Discourse Discourse-Subscriptions Plugin Stripe API Key Leakage Vulnerability in Multisite Environments

A vulnerability exists in the Discourse open-source discussion platform, specifically within the discourse-subscriptions plugin. This issue affects Discourse versions 2026.1.0-latest prior to 2026.1.3, 2026.2.0-latest prior to 2026.2.2, and 2026.3.0-latest prior to 2026.3.0. The vulnerability allows for the leakage of Stripe API keys across sites within the same multisite cluster, potentially exposing Stripe-related information between those sites.

Impact

The vulnerability could lead to unauthorized access to Stripe API keys, allowing for the interception or misuse of Stripe-related data and functionalities across different sites in a multisite Discourse installation.

Reproduction

In a multisite Discourse environment with the affected versions of the discourse-subscriptions plugin, the Stripe API key is set globally.
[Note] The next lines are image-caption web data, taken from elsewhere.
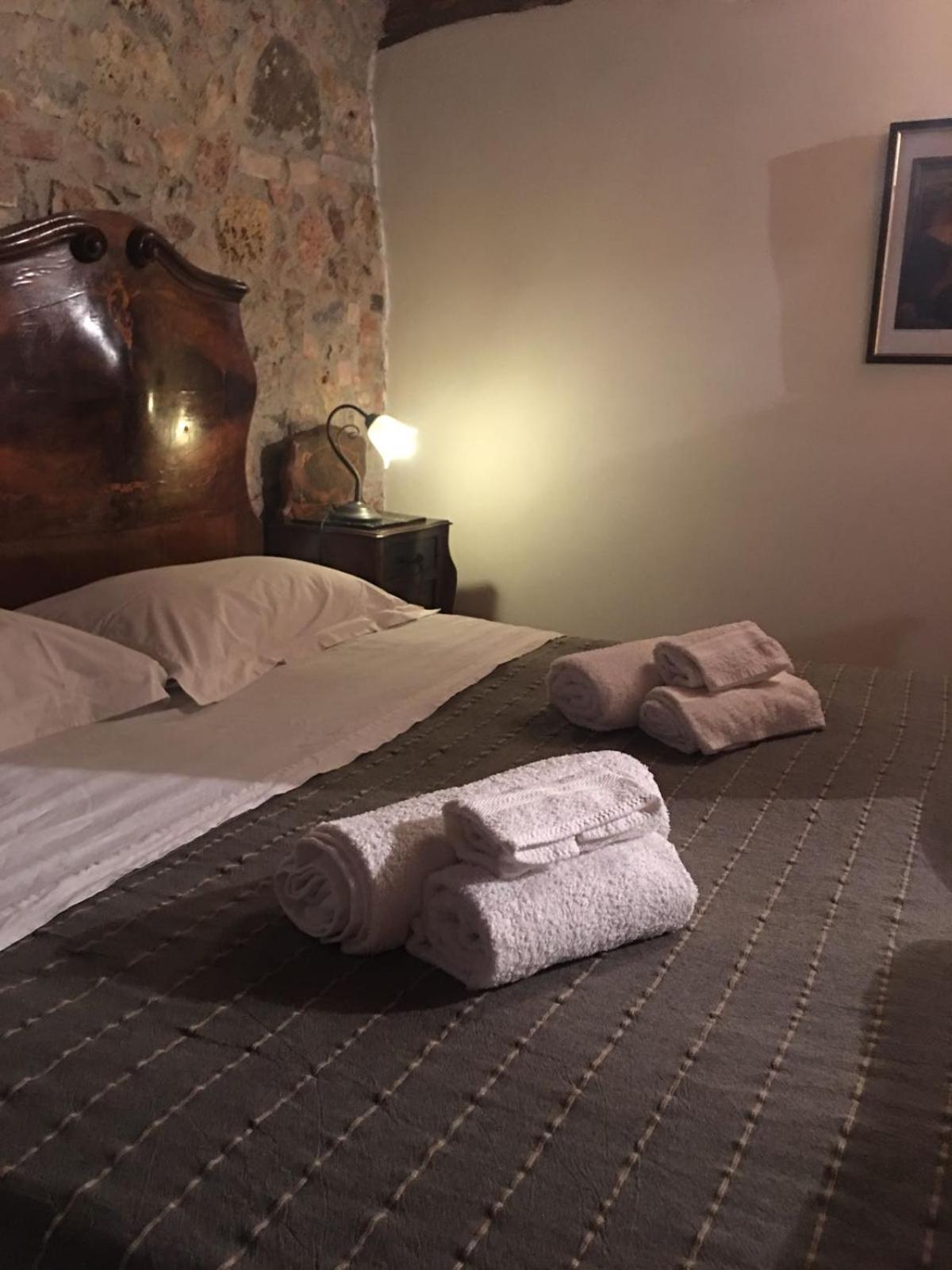 La Divina Dimora Il Castello Degli Spiriti Magni Appartement Montepescali Buitenkant foto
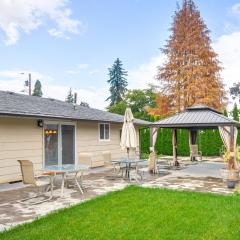 Milwaukie Home with Outdoor Dining Space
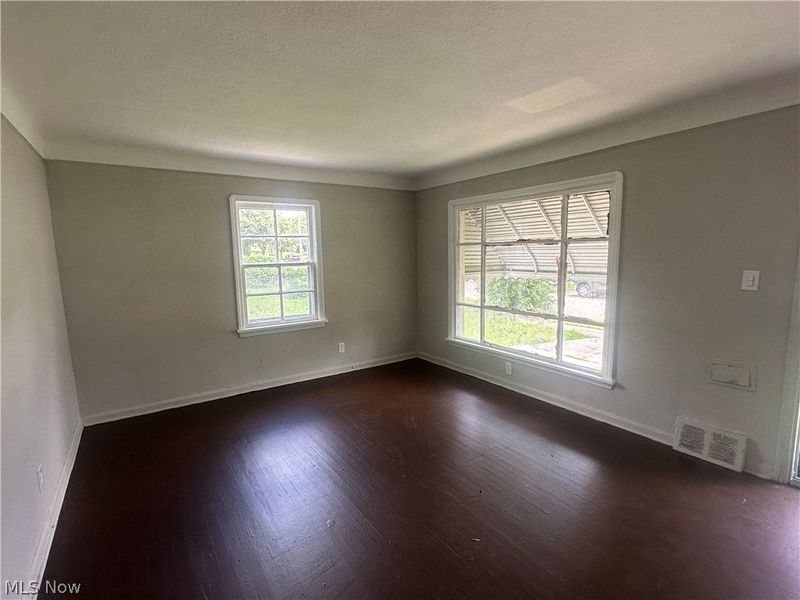 16015 S Lotus Drive, Cleveland, OH 44128 Photo 7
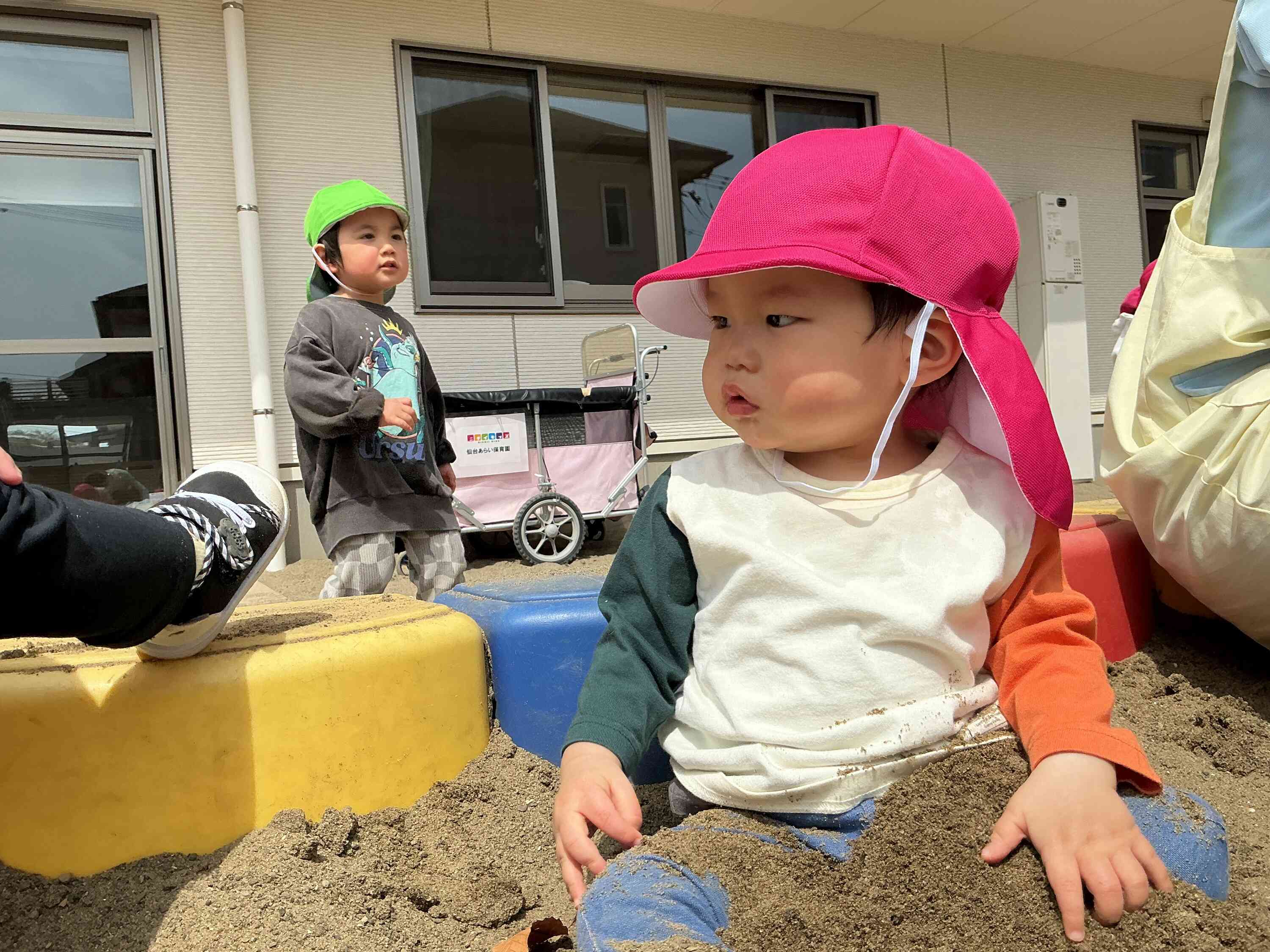 砂に埋もれちゃったよ～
When a request is made to the Stripe API, this global key is used, which can lead to leakage across concurrent requests in a multi-threaded environment. This vulnerability can be reproduced by creating a subscription that requires 3D Secure authentication, and then manually supplying a different plan ID during the finalization process, which is not the one actually paid for.

Remediation

Users are advised to update to Discourse versions 2026.1.3, 2026.2.2, or 2026.3.0. If an immediate update is not possible, the discourse-subscriptions plugin can be removed as a temporary workaround.